12 Volt Man;3747691; said:I respectfully disagree.
the idea of a maintence schedule based on conditions only is very bad for most aquarists.
why?
because many times by the time the aquarist realizes that the conditions are bad, its too late.
reactive maintenance is a bad philosophy to follow, because quite often, the damage to your fish may already be done. water changes after the fact may not help.
regular water changes at regular intervals eliminates this problem and ensures a stable system, not a system that is gradually deteriorating up to the point of the next water change.
Hi guys, first time poster here so be gentle! I'm in the UK and have a 180l community tropical setup.
I've been looking into the G filters and thought the same as you at first, until I got some more information and spoke to a guy at my LFS who had gotten professional training on it from Hagen. According to him it's the conductivity level that's the key to preventative (not reactive) maintenance, but you need to do a little work first to set up your schedule. Here's how it's supposed to work:
First you get a status quo situation, so the conductivity is right for your fish species, the aquarium is mature, nitrates are low etc. You record conductivity level and test for nitrate & phosphate and record the results.
Then you leave your aquarium with no water changes for 30 days and re-test for all the above. Any rise in conductivity will be indirectly caused by an increase in nitrates/phosphates seeing as they are chemical salts. Lets say conductivity has risen from 600 to 800us (33% rise), nitrate from 20 to 40ppm and phosphate from 0.5 to 2.0ppm. You know these levels are unacceptably high so to prevent them getting that high again you set the conductivity alarm to go off when the level reaches, for example, 700us. That's then your signal to do a water change, before nitrates and phosphates get out of hand. You can then perform a change with R/O water to restore the conductivity level to the correct level for your fish.
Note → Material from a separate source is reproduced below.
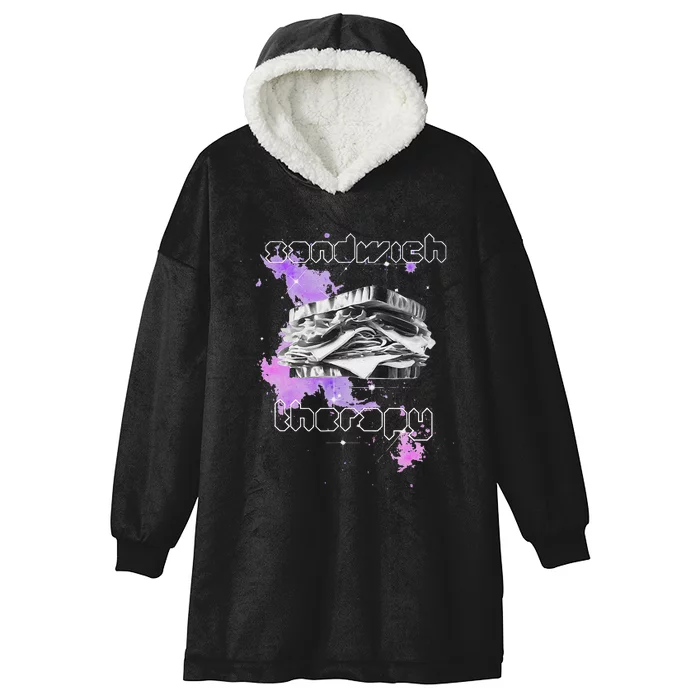 Cosmic Space Food Sandwich In Retro Vintage Galaxy Nebula Hooded Wearable Blanket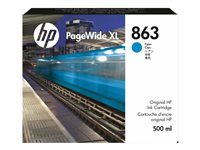HP 863 - 500 ml - cyan - original - PageWide XL - bläckpatron - för PageWide XL 3920 F9K40A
The other major thing is that the filter is a zero bypass system, so all the water goes through the mechanical cartidge. This does mean you have to clean it pretty often, but it looks quick & easy to do. The point is that it forces you to remove solid wastes before they can break down into nitrates. It also stops the bio media getting clogged - Hagen's official line is that you only need open the body of the filter once every 6 months for a quick rinse and partial media change.
I was pretty impressed, yea it;s expensive but it does seem to make monitoring very convenient once you've got things set up how you want thewm.